- Pitcher
- Born: November 29, 1926 Leary, Georgia, U.S.
- Died: October 30, 2013 (aged 86) Arlington, Georgia, U.S.
- Batted: RightThrew: Right

MLB debut
- April 13, 1955, for the Washington Senators

Last MLB appearance
- April 30, 1955, for the Washington Senators

MLB statistics
- Win–loss record: 0–0
- Earned run average: 12.46
- Innings: 4+1⁄3
- Stats at Baseball Reference

Teams
- Washington Senators (1955);

= Bill Currie (baseball) =

American baseball player (1926-2013)

William Cleveland Currie (November 29, 1926 – October 30, 2013) was an American professional baseball player. He was a right-handed pitcher whose ten-year minor league career was punctuated by a three-game stint in Major League Baseball with the Washington Senators.

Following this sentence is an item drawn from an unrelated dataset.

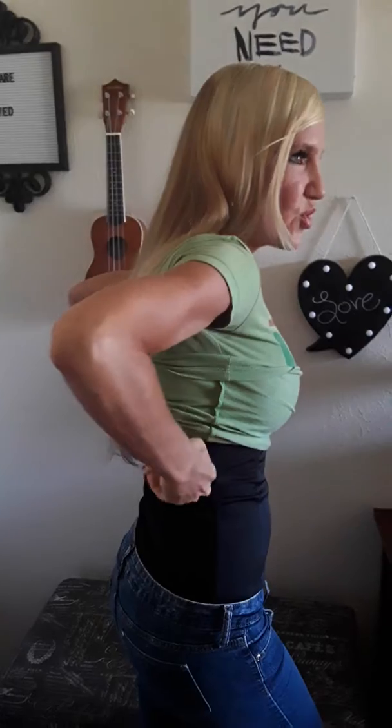All right, so here I have the waist trainer on. Let me tell you what happened to me. I was on a date with my husband and I was wearing this because I was wearing these jeans and I wanted to smooth that out — which it does. It really does smooth that out, and it goes high enough that you could smooth out the bra fat as well.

From 1950 to 1959, the 6 ft, 175 lb Currie compiled a 92–72 win–loss record in minor league baseball, playing for at least six Major League organizations. His brief trial with Washington in April 1955, however, was marked by his rude treatment by the New York Yankees in his MLB debut at Yankee Stadium. Currie entered the game (the Senators' second of the year) in the fifth inning as his team's third pitcher of the day with New York already leading 7–0. He loaded the bases on two walks and a hit batsman and gave up a two-run single to Whitey Ford in his first inning. Then, in his next frame, he gave up back-to-back home runs to Yogi Berra and Bill Skowron as the Yanks added on four more runs. Currie gave up five hits and five earned runs in two innings, with two bases on balls, one hit batter, and one wild pitch in an eventual 19–1 Washington defeat.

Currie pitched much more effectively in his next two outings, also as a relief pitcher, but he was sent back to the Double-A Southern Association when the rosters were reduced from 28 to 25 players. In his three MLB games, he yielded seven hits and six earned runs in 4 1/3 innings pitched, with two walks and two strikeouts.